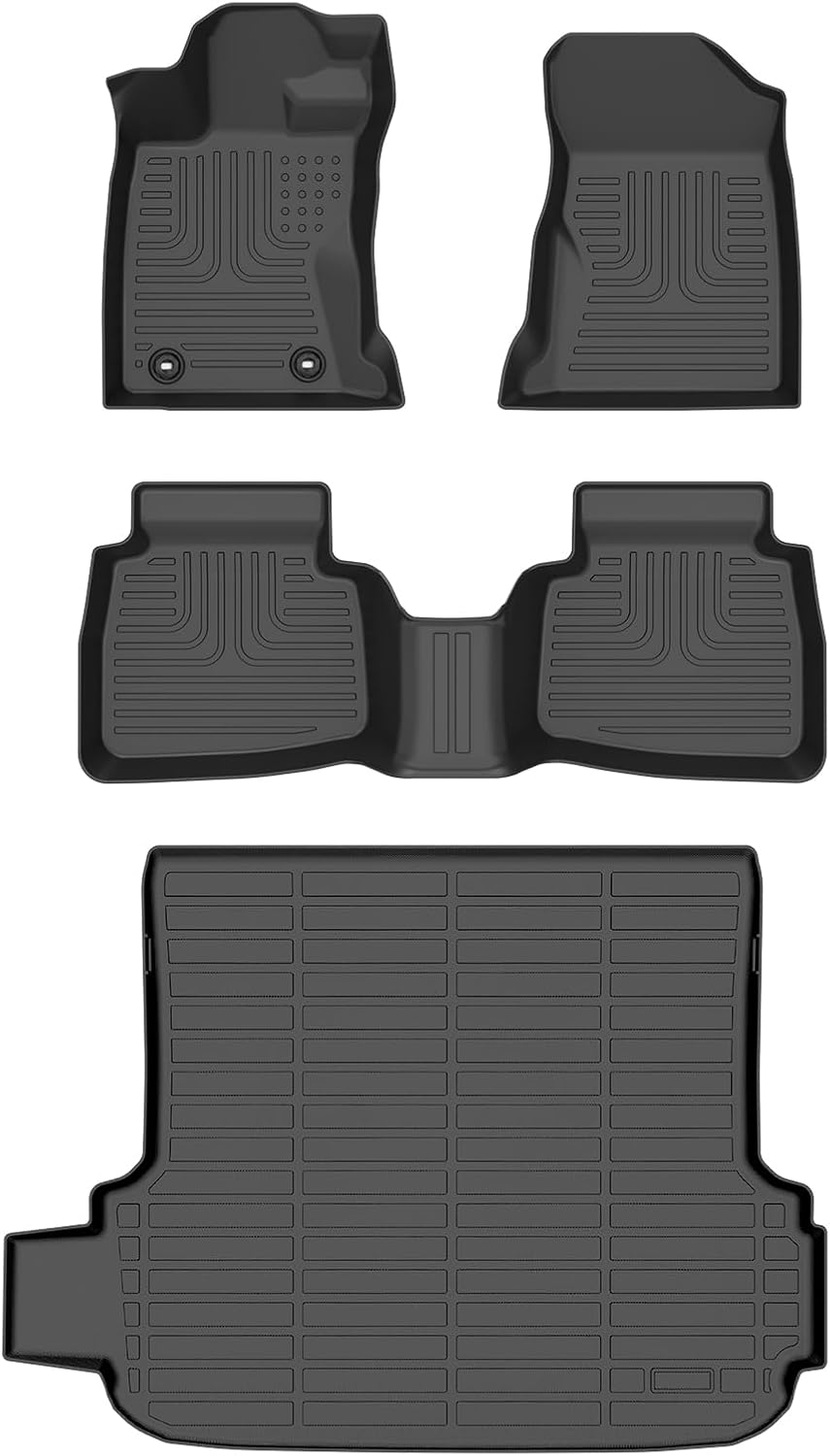 Binmotor-Floor Mats for Subaru Legacy/Outback 2020-2025, 2 Rows All Weather Car Mats, Waterproof TPE Liners for Subaru Legacy Accessories-Black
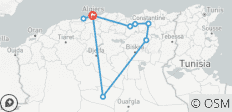  Wonderen van het Oude Algerije en de M\'Zab Vallei - 9 bestemmingen 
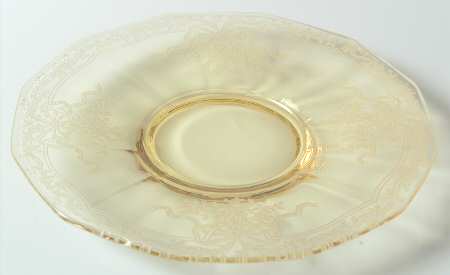 June Topaz (Yellow) Cream Soup Saucer Only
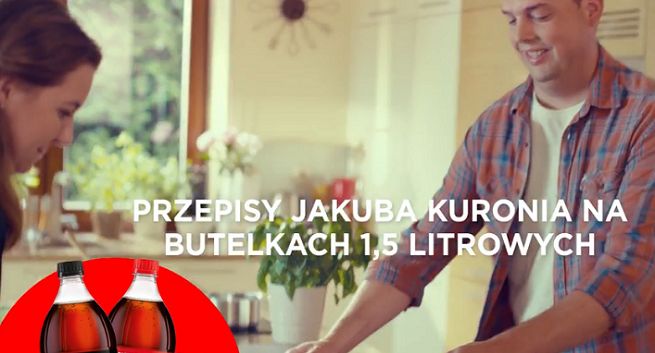 Przepisy Jakuba Kuronia w promocji Coca-Coli (wideo)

════════

# INSTRUCTIONS TO FOLLOW
Output the lines above verbatim, images excluded.

# FINAL ANSWER
 Binmotor-Floor Mats for Subaru Legacy/Outback 2020-2025, 2 Rows All Weather Car Mats, Waterproof TPE Liners for Subaru Legacy Accessories-Black
  Wonderen van het Oude Algerije en de M\'Zab Vallei - 9 bestemmingen 
 June Topaz (Yellow) Cream Soup Saucer Only
 Przepisy Jakuba Kuronia w promocji Coca-Coli (wideo)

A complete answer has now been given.